More jobs, that’s good. By the way, what do they pay?

ASK THIS | March 65, 2011

The press dutifully reports jobs-gained, jobs-lost figures. But that’s only part of the story – and too many reporters and editors miss the rest of it. As Robert Reich points out, unemployment may decline, but so will pay and benefits of most Americans – they are getting a smaller and smaller piece of the pie.


By John Hanrahan
johnhanrahan5@gmail.com

Robert Reich has done something that the mainstream news media rarely do -- make the jobs-gained, jobs-lost figures meaningful. And it's not a pretty picture.

I didn't check the newspapers of the last few days, but NPR and the networks all dutifully reported that unemployment was down, and a good number of jobs were created and this was more room for optimism, blah-blah-blah.

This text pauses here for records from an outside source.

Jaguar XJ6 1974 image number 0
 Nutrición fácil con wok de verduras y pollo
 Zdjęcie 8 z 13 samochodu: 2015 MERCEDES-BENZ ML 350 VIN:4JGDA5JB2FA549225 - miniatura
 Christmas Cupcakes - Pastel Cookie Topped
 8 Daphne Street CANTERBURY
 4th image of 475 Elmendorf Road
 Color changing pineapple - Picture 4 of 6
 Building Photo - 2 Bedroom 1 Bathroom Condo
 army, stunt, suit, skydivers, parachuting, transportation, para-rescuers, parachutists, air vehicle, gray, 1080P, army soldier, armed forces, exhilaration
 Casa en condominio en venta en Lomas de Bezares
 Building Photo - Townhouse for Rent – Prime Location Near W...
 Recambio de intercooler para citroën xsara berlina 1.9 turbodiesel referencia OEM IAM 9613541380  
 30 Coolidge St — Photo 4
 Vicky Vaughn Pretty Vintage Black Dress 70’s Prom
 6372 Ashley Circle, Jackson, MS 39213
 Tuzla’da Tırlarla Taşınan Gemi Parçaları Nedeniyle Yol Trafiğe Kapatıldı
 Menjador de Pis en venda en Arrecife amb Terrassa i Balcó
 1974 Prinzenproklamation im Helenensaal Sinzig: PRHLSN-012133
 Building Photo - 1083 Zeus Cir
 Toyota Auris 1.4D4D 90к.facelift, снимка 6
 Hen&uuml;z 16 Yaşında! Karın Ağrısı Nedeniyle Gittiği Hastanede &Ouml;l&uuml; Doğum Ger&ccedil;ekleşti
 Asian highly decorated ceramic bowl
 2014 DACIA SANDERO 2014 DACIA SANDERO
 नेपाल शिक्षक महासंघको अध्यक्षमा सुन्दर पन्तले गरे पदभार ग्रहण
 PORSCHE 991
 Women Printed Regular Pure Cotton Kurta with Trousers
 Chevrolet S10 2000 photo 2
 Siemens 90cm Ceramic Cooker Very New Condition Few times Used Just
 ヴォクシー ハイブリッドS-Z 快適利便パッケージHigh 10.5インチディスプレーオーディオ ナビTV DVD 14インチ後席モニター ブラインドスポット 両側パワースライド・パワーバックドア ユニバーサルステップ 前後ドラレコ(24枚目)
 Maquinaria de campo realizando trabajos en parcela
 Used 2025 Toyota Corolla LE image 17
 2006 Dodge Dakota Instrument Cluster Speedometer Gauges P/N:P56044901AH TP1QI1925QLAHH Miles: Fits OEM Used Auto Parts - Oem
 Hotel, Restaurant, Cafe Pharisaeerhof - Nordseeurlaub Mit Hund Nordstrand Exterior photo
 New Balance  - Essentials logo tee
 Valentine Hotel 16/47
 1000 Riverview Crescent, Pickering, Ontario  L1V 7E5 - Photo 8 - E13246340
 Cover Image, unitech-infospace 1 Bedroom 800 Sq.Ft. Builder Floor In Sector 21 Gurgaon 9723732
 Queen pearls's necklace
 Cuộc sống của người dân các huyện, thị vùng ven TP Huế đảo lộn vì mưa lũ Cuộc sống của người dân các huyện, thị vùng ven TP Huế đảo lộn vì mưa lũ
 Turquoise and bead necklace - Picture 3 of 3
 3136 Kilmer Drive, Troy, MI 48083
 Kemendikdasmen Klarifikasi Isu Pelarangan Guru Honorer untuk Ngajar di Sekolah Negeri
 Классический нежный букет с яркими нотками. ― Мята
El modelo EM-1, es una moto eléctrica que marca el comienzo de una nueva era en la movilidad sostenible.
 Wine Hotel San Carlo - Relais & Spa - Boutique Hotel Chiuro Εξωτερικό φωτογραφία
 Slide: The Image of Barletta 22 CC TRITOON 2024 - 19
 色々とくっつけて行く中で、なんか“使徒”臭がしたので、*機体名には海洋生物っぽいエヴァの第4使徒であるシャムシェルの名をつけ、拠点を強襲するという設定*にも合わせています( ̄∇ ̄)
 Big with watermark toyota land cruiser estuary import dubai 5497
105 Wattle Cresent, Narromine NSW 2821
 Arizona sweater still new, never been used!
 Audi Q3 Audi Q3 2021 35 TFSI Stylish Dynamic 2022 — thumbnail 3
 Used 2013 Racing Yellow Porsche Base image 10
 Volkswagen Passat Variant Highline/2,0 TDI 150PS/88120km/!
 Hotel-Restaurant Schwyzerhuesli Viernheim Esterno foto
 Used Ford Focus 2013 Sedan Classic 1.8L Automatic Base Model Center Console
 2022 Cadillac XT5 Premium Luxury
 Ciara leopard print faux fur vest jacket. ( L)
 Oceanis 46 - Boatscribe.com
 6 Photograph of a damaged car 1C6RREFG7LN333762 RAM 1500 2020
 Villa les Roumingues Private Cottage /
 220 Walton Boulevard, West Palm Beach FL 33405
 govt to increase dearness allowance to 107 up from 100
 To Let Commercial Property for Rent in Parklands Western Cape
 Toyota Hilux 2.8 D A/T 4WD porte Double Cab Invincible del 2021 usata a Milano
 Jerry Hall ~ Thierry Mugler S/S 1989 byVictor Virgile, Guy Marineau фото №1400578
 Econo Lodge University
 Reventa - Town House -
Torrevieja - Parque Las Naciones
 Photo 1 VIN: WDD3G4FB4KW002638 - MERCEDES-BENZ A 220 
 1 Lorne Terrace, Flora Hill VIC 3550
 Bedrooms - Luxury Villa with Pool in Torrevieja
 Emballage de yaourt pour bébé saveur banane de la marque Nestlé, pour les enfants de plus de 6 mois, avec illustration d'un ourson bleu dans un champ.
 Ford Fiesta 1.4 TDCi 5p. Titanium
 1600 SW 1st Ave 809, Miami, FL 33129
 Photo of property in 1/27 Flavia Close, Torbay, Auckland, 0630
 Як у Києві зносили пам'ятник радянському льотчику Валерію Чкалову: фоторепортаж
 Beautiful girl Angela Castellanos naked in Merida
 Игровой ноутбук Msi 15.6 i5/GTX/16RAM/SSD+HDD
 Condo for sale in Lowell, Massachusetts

As I do every month, I screamed back: But what kind of jobs were those? $10 an hour? Less? $15? $20? More? And how do these new jobs compare to the jobs lost? Reich answers the question. If the news media would just break out of their formulaic reporting of economic figures and make those numbers mean something, we just might get a truer picture of the country's economic present and future.
 
After making several other good points about U.S. workers and unions, Reich concludes his column: "At this rate, the unemployment rate will continue to decline. But so will the pay and benefits of most Americans. Conservative economists have it wrong. The underlying problem isn't that so many Americans have priced themselves out of the global/high-tech labor market. It's that they're getting a smaller and smaller share of the American pie."